Deux ans après le retour de Dakar-Djibouti, Marcel Griaule prend la direction de la mission Sahara-Soudan afin de compléter les recherches et les collectes effectuées en pays dogon. Malgré sa brièveté, cette expédition transsaharienne est toujours conçue comme une exploration aventureuse de sociétés africaines incarnant, aux yeux des ethnographes, une tradition originelle à archiver dans l’urgence. En revanche, les objectifs et les méthodes d’enquête ont évolué. Pour ce second séjour en pays dogon, Griaule et ses collègues ne visent plus l’inventaire exhaustif d’une culture, mais la découverte d’objets et de secrets millénaires cachés au fond de grottes ou de « sanctuaires » systématiquement fouillés (après leur repérage aérien ou terrestre). Cette nouvelle orientation – pénétrer au cœur des mythes et du « sacré » – ne se prête guère à la pluridisciplinarité, favorise l’émergence d’informateurs privilégiés et annonce les futurs engagements de Marcel Griaule pour promouvoir et sauvegarder les traditions d’une Afrique authentique dont il serait à la fois le spécialiste et le porte-parole.
Cet ouvrage est le quatrième volume des Carnets de Bérose, une collection éditée électroniquement par le Lahic et le département du Pilotage de la recherche et de la politique scientifique de la Direction générale des patrimoines (ministère de la Culture). Il fait partie d’une série consacrée aux missions, enquêtes et terrains des années 1930.

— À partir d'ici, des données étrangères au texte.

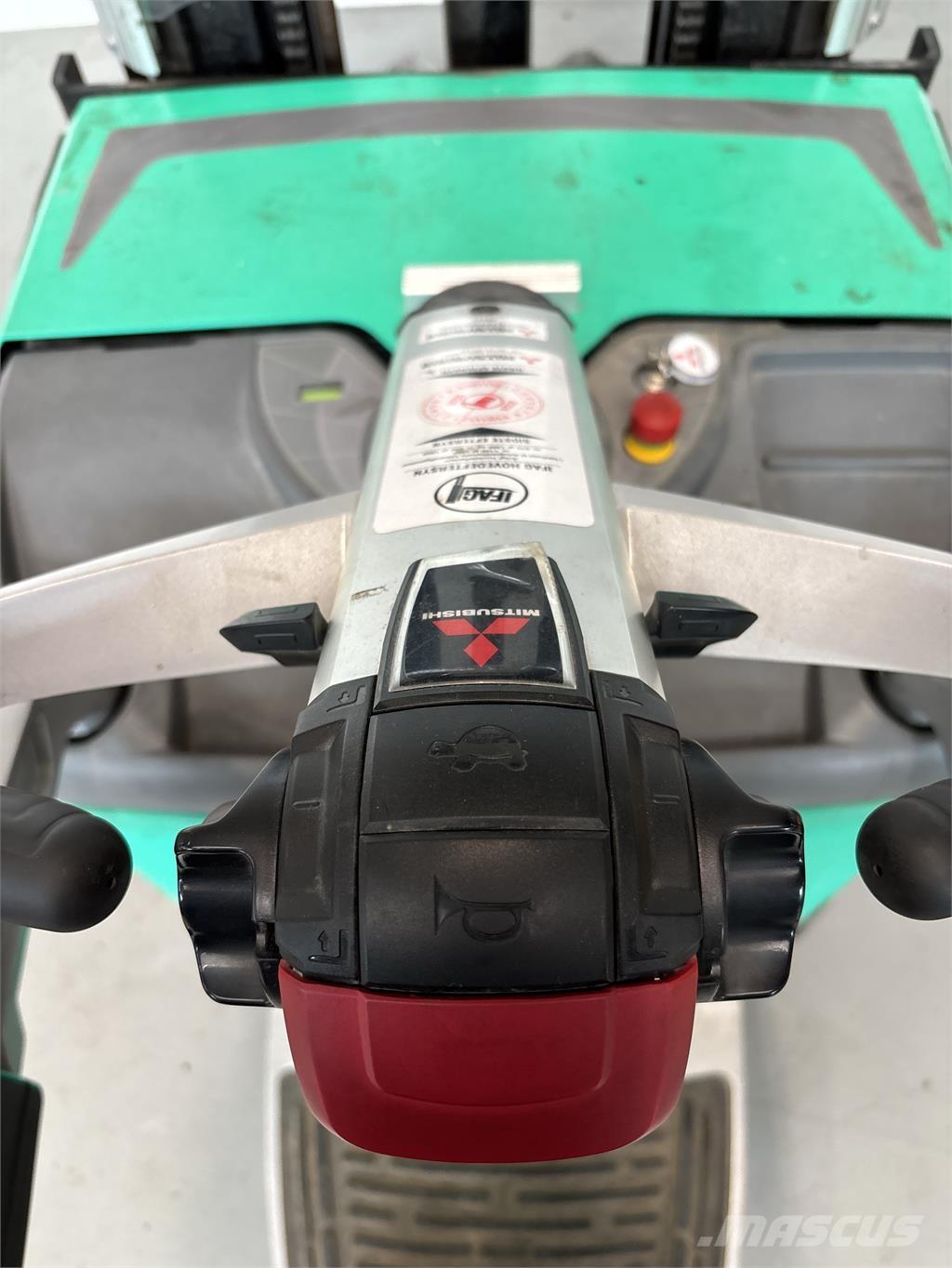 Mitsubishi SBV16N Self propelled stackers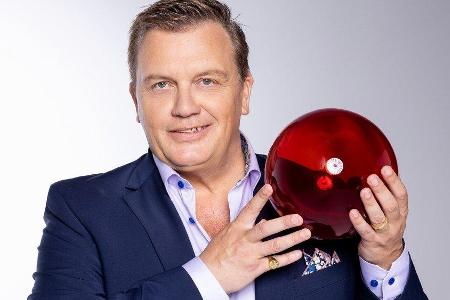 Hape Kerkeling ist zurück im TV und startet auch wieder als Sänger durch.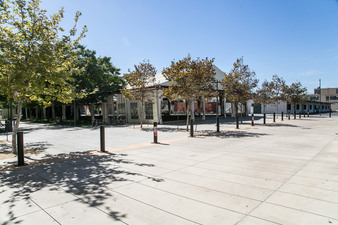 Enlarge photo 104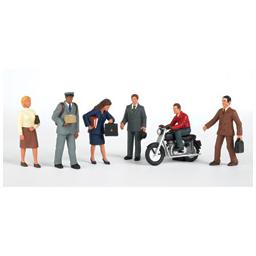Click here to learn more about the Bachmann Industries HO City People w/Motorcycle (7).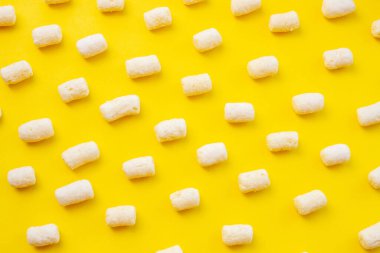 Sarı arkaplanda hava mısırı deseni var.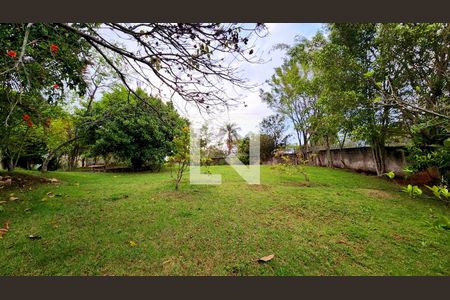 Casa à venda com 250m², 2 quartos e 2 vagas Casa à venda com 250m², 2 quartos e 2 vagasÁrea Externa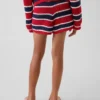 Pantaloncini a righe all'uncinetto per bambini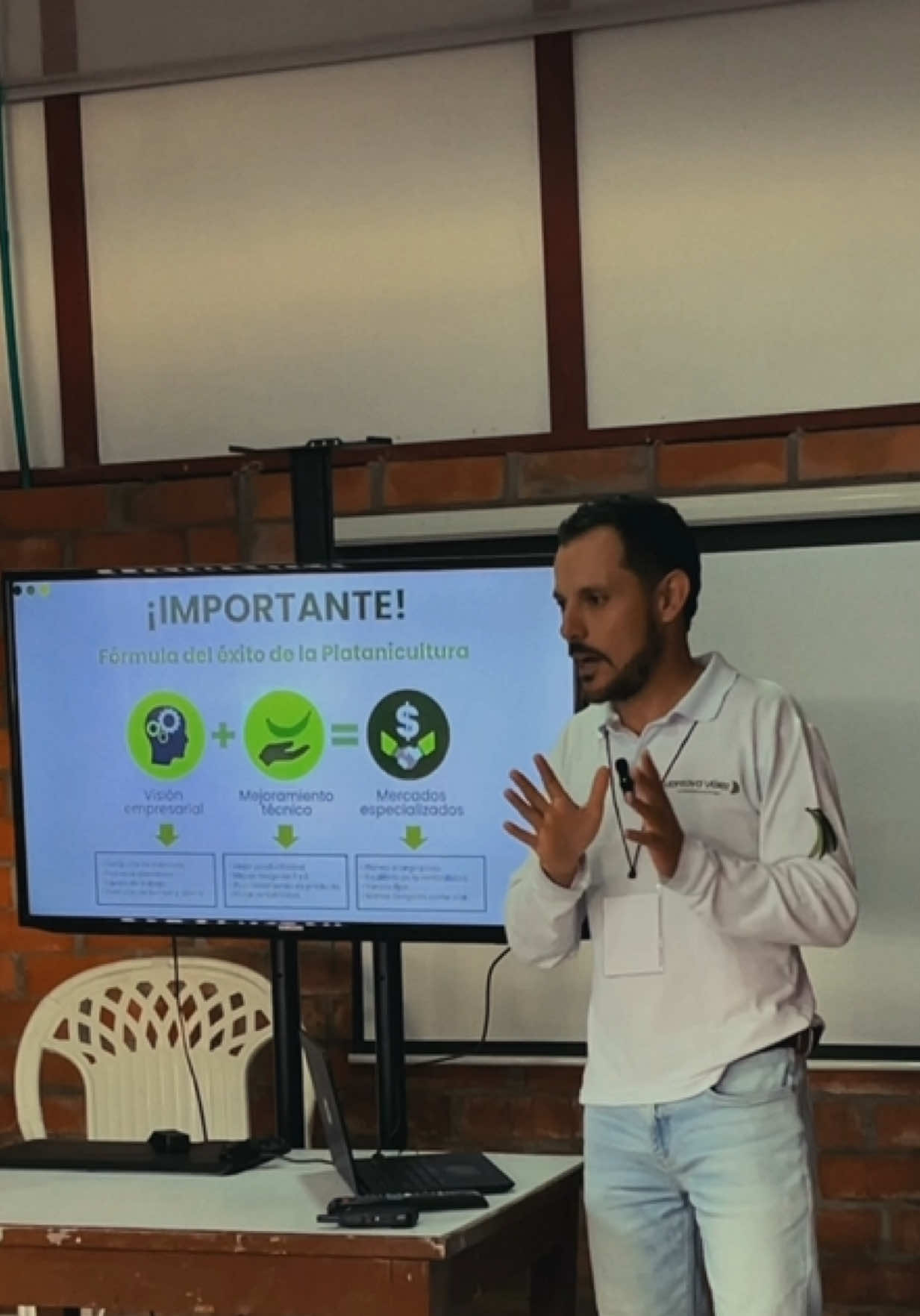 @Montoya Vélez S.A.S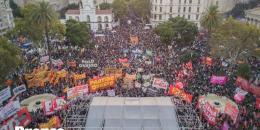 Arjantin: Darbenin 43. yılında on binlerce emekçi darbeye, kemer sıkmaya ve emperyalizme karşı meydanlarda
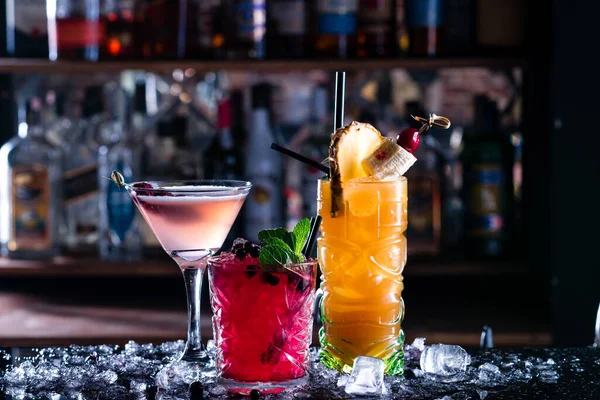 Bar Arka Planında Klasik Alkol Kokteylleri — Stok fotoğraf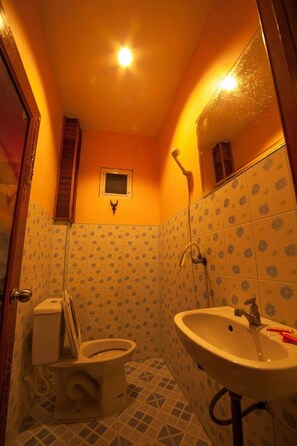 Basic Room | Bathroom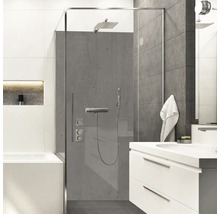 Salle de bains avec douche, baignoire et lavabo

Anthropologue, Éric JOLLY est chargé de recherche au CNRS et membre de l’IMAf (Institut des Mondes Africains). Ses travaux les plus récents portent notamment sur l’histoire de l’ethnologie française et sur la circulation mondiale d’emblèmes culturels dogon, avec pour socle commun à ces deux études une analyse des productions graphiques et scientifiques de l’École Griaule.